Path: news.mathworks.com!not-for-mail
From: "John D'Errico" <woodchips@rochester.rr.com>
Newsgroups: comp.soft-sys.matlab
Subject: Re: inverse matrix inv pinv linfactor ginv
Date: Sun, 4 Oct 2009 09:59:03 +0000 (UTC)
Organization: John D'Errico (1-3LEW5R)
Lines: 122
Message-ID: <ha9rl7$gej$1@fred.mathworks.com>
References: <ha8r6f$pf7$1@fred.mathworks.com> <ha8s85$4qh$1@fred.mathworks.com>
Reply-To: "John D'Errico" <woodchips@rochester.rr.com>
NNTP-Posting-Host: webapp-05-blr.mathworks.com
Content-Type: text/plain; charset="ISO-8859-1"
Content-Transfer-Encoding: 8bit
X-Trace: fred.mathworks.com 1254650343 16851 172.30.248.35 (4 Oct 2009 09:59:03 GMT)
X-Complaints-To: news@mathworks.com
NNTP-Posting-Date: Sun, 4 Oct 2009 09:59:03 +0000 (UTC)
X-Newsreader: MATLAB Central Newsreader 869215
Xref: news.mathworks.com comp.soft-sys.matlab:574762


"Petros Mpogiatzis" <painter@geo.auth.gr> wrote in message <ha8s85$4qh$1@fred.mathworks.com>...
> "leo nidas" <bleonidas25@yahoo.gr> wrote in message <ha8r6f$pf7$1@fred.mathworks.com>...
> >   
> > Hi there,
> > 
> > I want to solve or b the : (X'X)*b=X'*y. I have some issues with the inverse of X'*X.
> > (vector b should estimate the vector [5  0.1048]. (regression coefficients))
> > MATLAB(R2007b).
> > 
> > In the beginning I used "inv" and got a warning:
> > 
> > Warning: Matrix is close to singular or badly scaled.
> >          Results may be inaccurate. RCOND = 1.000436e-148.
> > 
> > b =
> > 
> >     4.9346
> >     0.0000    (Inspitethe warning the solution seems to approach the real values)
> > 
> > I also used pinv but I am not sure about the result
> > b =
> > 
> >   1.0e-073 *
> > 
> >     0.0000
> >     0.8577  (Here the result looks weird, don't get a warning though)
> > 
> > I also used linfactor (Timothy A. Davis)
> > 
> > bnaive=linfactor (linfactor(Ximp'*Ximp),Ximp'*y')
> > Warning: Matrix is close to singular or badly scaled.
> >          Results may be inaccurate. RCOND = 3.483766e-074.
> > > In linfactor at 175
> > Warning: Matrix is close to singular or badly scaled.
> >          Results may be inaccurate. RCOND = 3.483766e-074.
> > > In linfactor at 175
> > 
> > b =
> > 
> >     4.9346
> >     0.0000 (Again a warning but a good looking solution)
> > 
> > And finally ginv (Luis Frank, jan 2009.)
> > 
> > and got either [5.4417  0]  or [1.0e-072 * 0        0.1171]  without warnings.
> > 
> > So I am a little confused..Which is correct?...Below I give the data.
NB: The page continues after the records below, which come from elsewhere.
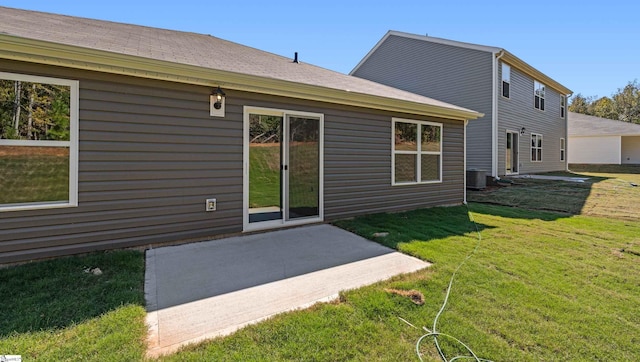 back of property featuring a patio area, a yard, and central AC unit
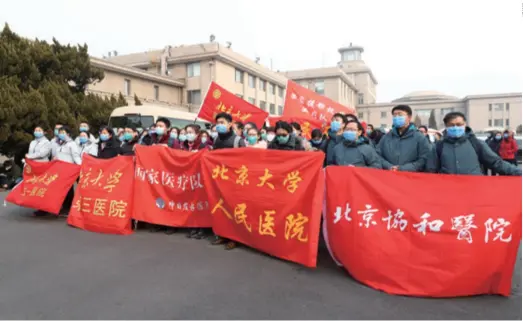  ??  ?? On January 26, members of the national medical team take a group photo at the Beijing Capital Internatio­nal Airport before their departure to Wuhan in Hubei Province to fight the novel coronaviru­s outbreak. The team included doctors from Peking University People’s Hospital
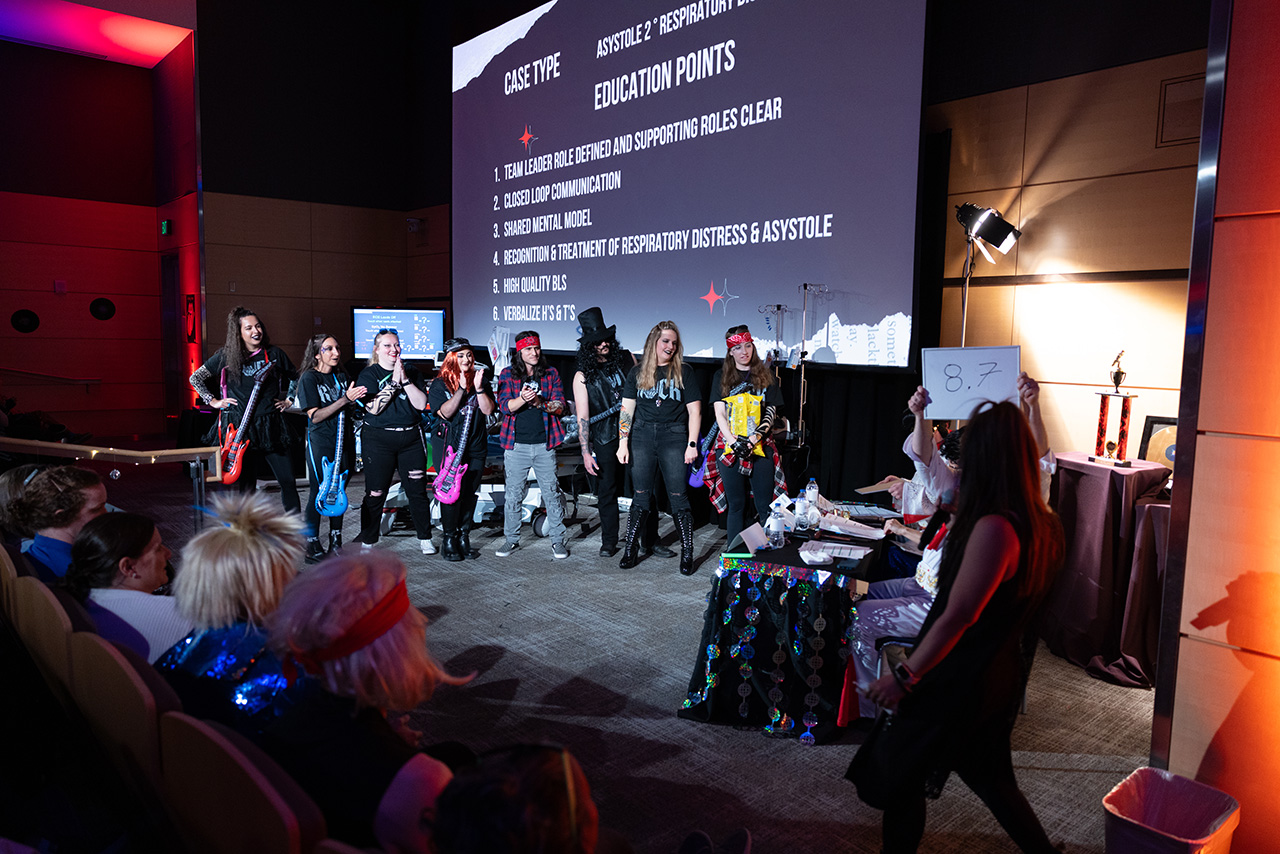 Sim Wars teams stand on stage in front of a large screen listing education points, while a judge holds up a scorecard and an audience watches from theater seating
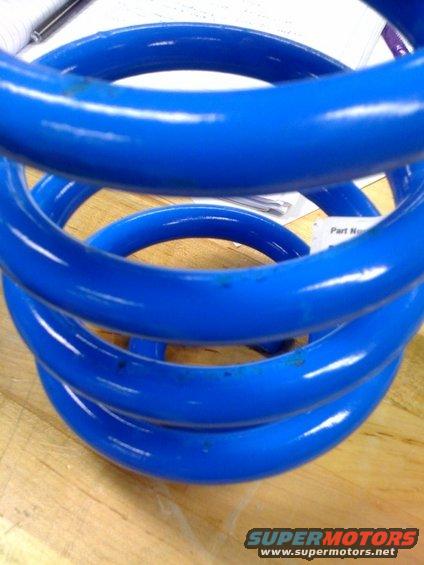 Blue coil spring with 'Part N' visible on a label underneath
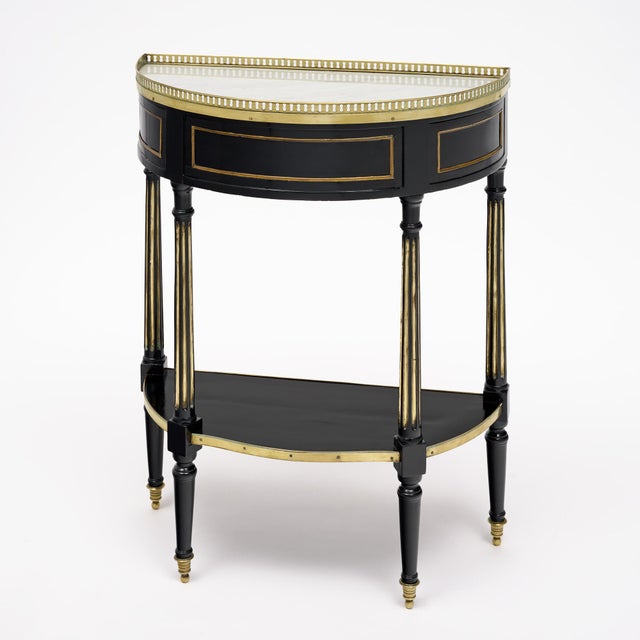 An exceptionally elegant French Louis XVI demi-lune console table, circa 1790, crafted in ebonized mahogany and retaining...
Note that X=[ones(n,1) x]. where n=300.
> > 
> > 
> > x=
> > 1.0e+073 *
> > 
> >     6.0217

(snip)

> >     6.2652
> >     7.1042
> 
> 
> use the backslash operator:
> b=(X'X)\X'y;

NO!!!!!

Don't just blindly use backslash on the normal equations!!!!!
Once you form the normal equations, you have already
screwed yourself.

Sigh.

Don't use the normal equations to solve a linear regression
problem in the first place. Solve it as

  b = X\y;

Or, solve it as

  b = pinv(X)*y;

This is the correct way to solve the linear regression problem.
When you use the normal equations, as people seem to teach
each other, INCORRECTLY, to solve a linear regression problem,
you worsen the conditioning of any regression that you will
solve.

But BEFORE you do that, scale this data properly, as I show
how below.

So next, we must deal with that little, inconsequential factor
of 1e73 on your data! Look at the variable x! See the 1e73
that comes out front. It says 

> > x=
> > 1.0e+073 *
> > 
> >     6.0217

This means that this regression will generally return garbage,
unless you are careful.

Don't just throw such unscaled data into a linear algebra
problem, and worse, then throw the normal equations at it!
It is this that is causing the other part of your problem. 

b = [ones(300,1),x/1e73]\y;
b =
       4.9346
     0.079934

Only now should you rescale b to compensate for the
prior scaling of x.

format long g
b(2) = b(2) * 1e73
b =
          4.93457076016252
      7.99340988034286e+71

See that no warning message was generated now.

John